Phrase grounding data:
=== Section Start ===
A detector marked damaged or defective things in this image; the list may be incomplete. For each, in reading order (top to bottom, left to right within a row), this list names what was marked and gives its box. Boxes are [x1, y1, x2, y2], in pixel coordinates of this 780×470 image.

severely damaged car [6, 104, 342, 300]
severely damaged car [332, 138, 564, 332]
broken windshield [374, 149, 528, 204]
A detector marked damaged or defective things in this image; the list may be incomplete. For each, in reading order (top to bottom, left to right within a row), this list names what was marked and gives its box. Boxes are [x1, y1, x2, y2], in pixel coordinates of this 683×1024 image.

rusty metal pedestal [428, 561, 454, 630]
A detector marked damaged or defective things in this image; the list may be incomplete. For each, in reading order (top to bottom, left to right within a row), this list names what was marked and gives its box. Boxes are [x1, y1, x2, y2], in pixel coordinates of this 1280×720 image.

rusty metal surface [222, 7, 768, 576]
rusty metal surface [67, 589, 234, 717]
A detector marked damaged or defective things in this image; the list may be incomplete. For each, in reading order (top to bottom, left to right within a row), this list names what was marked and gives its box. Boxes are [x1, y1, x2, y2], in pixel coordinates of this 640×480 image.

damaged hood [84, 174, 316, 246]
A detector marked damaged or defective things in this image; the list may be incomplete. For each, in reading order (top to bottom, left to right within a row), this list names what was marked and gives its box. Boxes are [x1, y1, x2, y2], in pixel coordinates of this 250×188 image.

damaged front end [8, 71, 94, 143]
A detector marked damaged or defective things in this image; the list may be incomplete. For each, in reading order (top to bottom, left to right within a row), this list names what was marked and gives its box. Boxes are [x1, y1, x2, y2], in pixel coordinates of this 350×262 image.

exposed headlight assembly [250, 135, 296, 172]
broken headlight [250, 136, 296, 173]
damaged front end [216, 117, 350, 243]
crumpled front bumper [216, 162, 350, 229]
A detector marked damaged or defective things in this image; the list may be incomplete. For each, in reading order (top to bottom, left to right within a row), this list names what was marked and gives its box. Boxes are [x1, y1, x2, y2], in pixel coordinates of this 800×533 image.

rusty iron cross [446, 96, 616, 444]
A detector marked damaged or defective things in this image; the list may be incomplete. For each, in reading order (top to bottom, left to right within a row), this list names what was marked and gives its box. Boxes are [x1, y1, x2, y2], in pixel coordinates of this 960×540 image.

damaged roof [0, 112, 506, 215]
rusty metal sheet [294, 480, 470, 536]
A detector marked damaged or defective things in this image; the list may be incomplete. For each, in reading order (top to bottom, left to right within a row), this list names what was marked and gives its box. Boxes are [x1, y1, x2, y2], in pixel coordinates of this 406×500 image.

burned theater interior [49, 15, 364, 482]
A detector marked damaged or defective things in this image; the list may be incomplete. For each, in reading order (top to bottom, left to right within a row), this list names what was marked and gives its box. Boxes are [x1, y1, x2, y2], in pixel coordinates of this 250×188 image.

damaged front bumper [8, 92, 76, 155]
=== Section End ===
Reproduce, word for word, every line starting at the line that contains "this 960×540 image." and ending with the final line of the entries.

TASK RESPONSE
A detector marked damaged or defective things in this image; the list may be incomplete. For each, in reading order (top to bottom, left to right within a row), this list names what was marked and gives its box. Boxes are [x1, y1, x2, y2], in pixel coordinates of this 960×540 image.

damaged roof [0, 112, 506, 215]
rusty metal sheet [294, 480, 470, 536]
A detector marked damaged or defective things in this image; the list may be incomplete. For each, in reading order (top to bottom, left to right within a row), this list names what was marked and gives its box. Boxes are [x1, y1, x2, y2], in pixel coordinates of this 406×500 image.

burned theater interior [49, 15, 364, 482]
A detector marked damaged or defective things in this image; the list may be incomplete. For each, in reading order (top to bottom, left to right within a row), this list names what was marked and gives its box. Boxes are [x1, y1, x2, y2], in pixel coordinates of this 250×188 image.

damaged front bumper [8, 92, 76, 155]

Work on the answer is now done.